DIRECTIONS FOR THIS TASK:
With the images left out, print all of the records below exactly.

══ SOURCE DATA

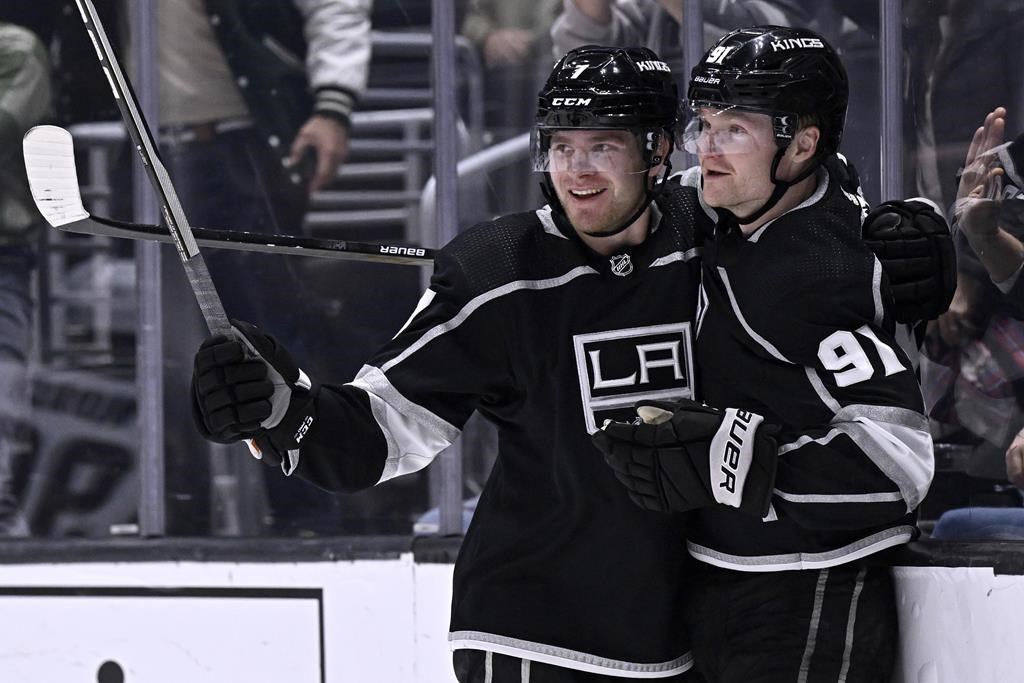 Kopitar marque deux buts et les Kings battent les Coyotes 5-3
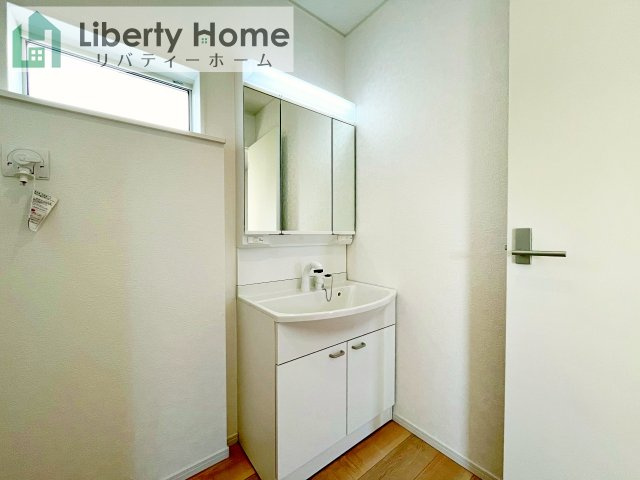 つくば市大曽根第1　新築戸建　4号棟の独立洗面台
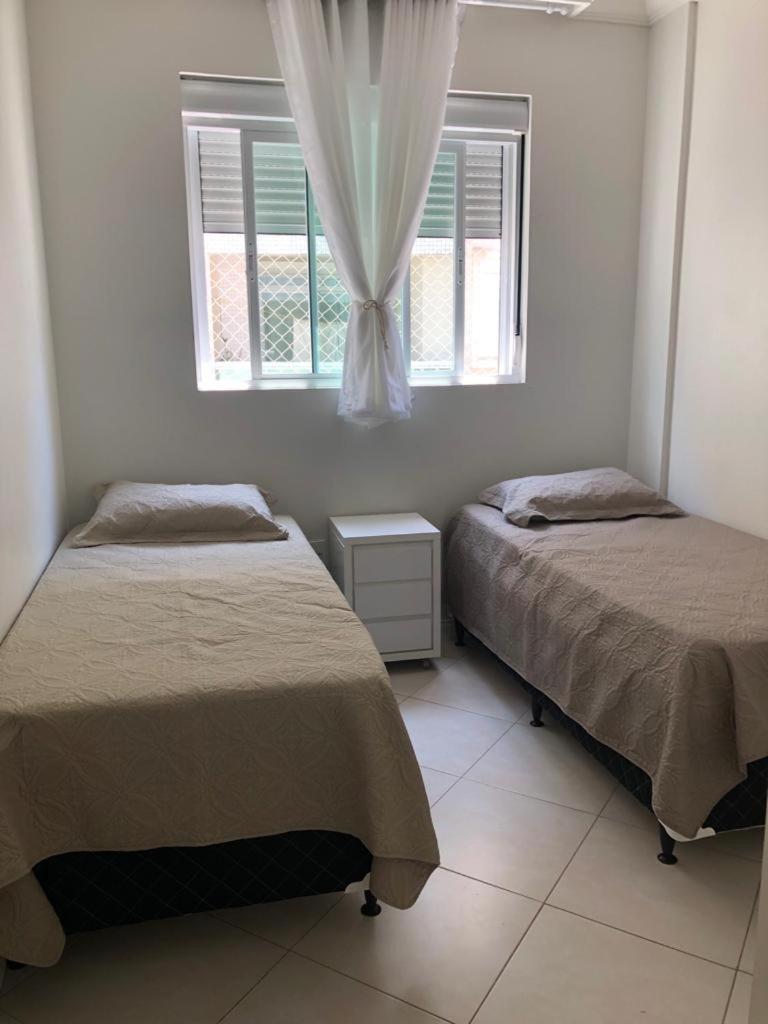 Apartamento Ravena - Praia Dos Ingleses フロリアノポリス エクステリア 写真
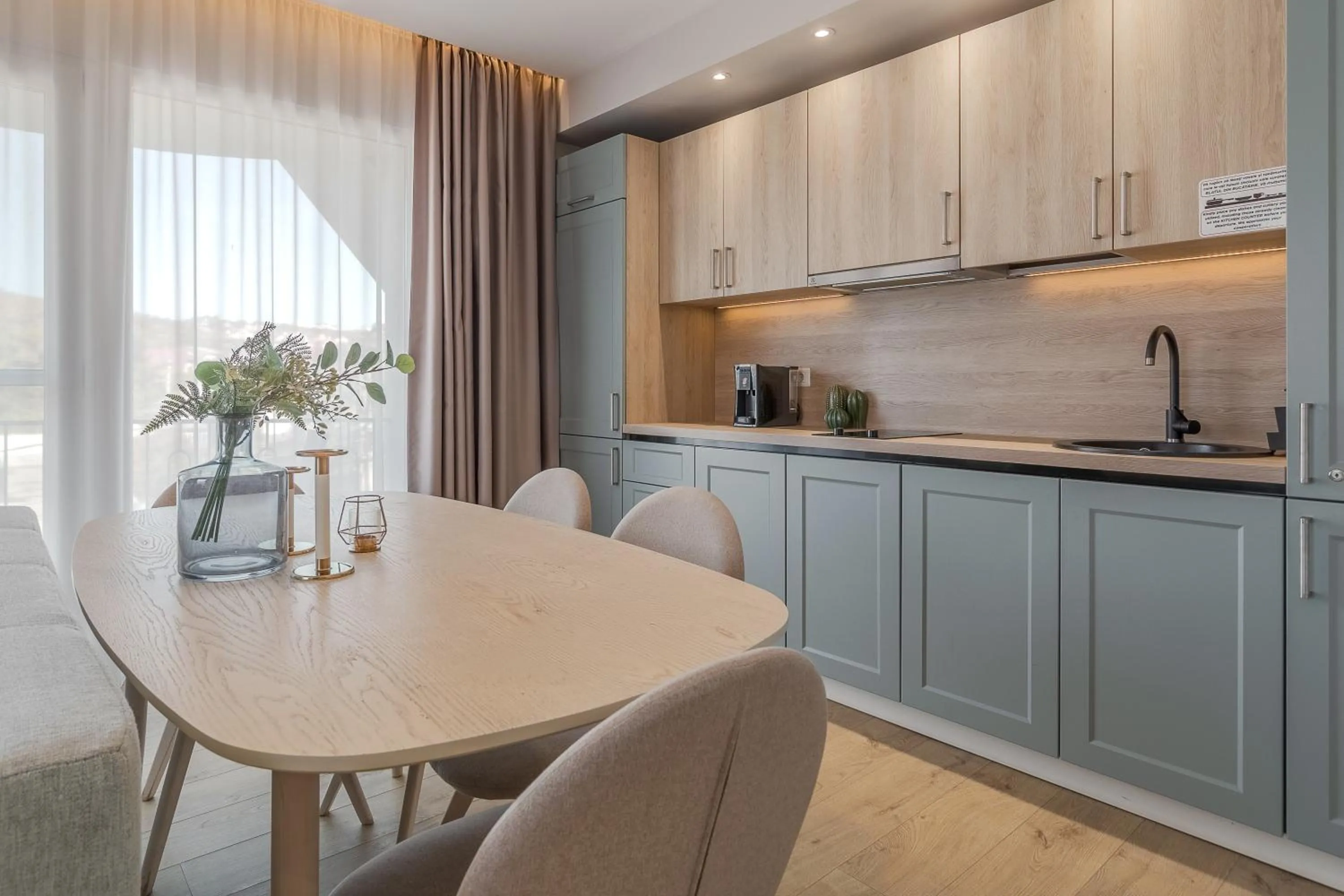 Coffee/tea facilities in Dozsa Residence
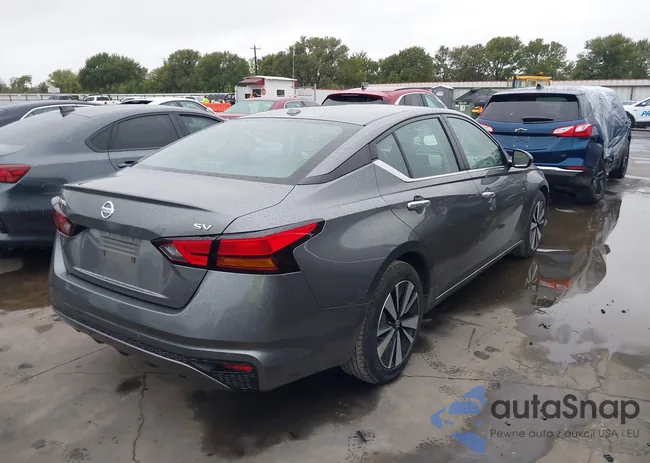 1N4BL4DV6NN389837: 37893409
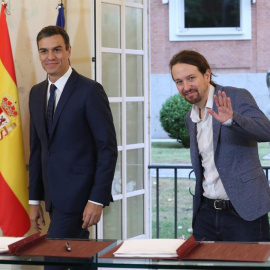11/10/2018.- El presidente del Gobierno, Pedro Sánchez (izda), y el secretario general de Podemos, Pablo Iglesias, han firmado hoy en el Palacio de la Moncloa el acuerdo sobre el proyecto de ley de presupuestos para 2019. EFE/ Zipi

════

EXERCISE SOLUTION:
 Kopitar marque deux buts et les Kings battent les Coyotes 5-3
 つくば市大曽根第1　新築戸建　4号棟の独立洗面台
 Apartamento Ravena - Praia Dos Ingleses フロリアノポリス エクステリア 写真
 Coffee/tea facilities in Dozsa Residence
 1N4BL4DV6NN389837: 37893409
11/10/2018.- El presidente del Gobierno, Pedro Sánchez (izda), y el secretario general de Podemos, Pablo Iglesias, han firmado hoy en el Palacio de la Moncloa el acuerdo sobre el proyecto de ley de presupuestos para 2019. EFE/ Zipi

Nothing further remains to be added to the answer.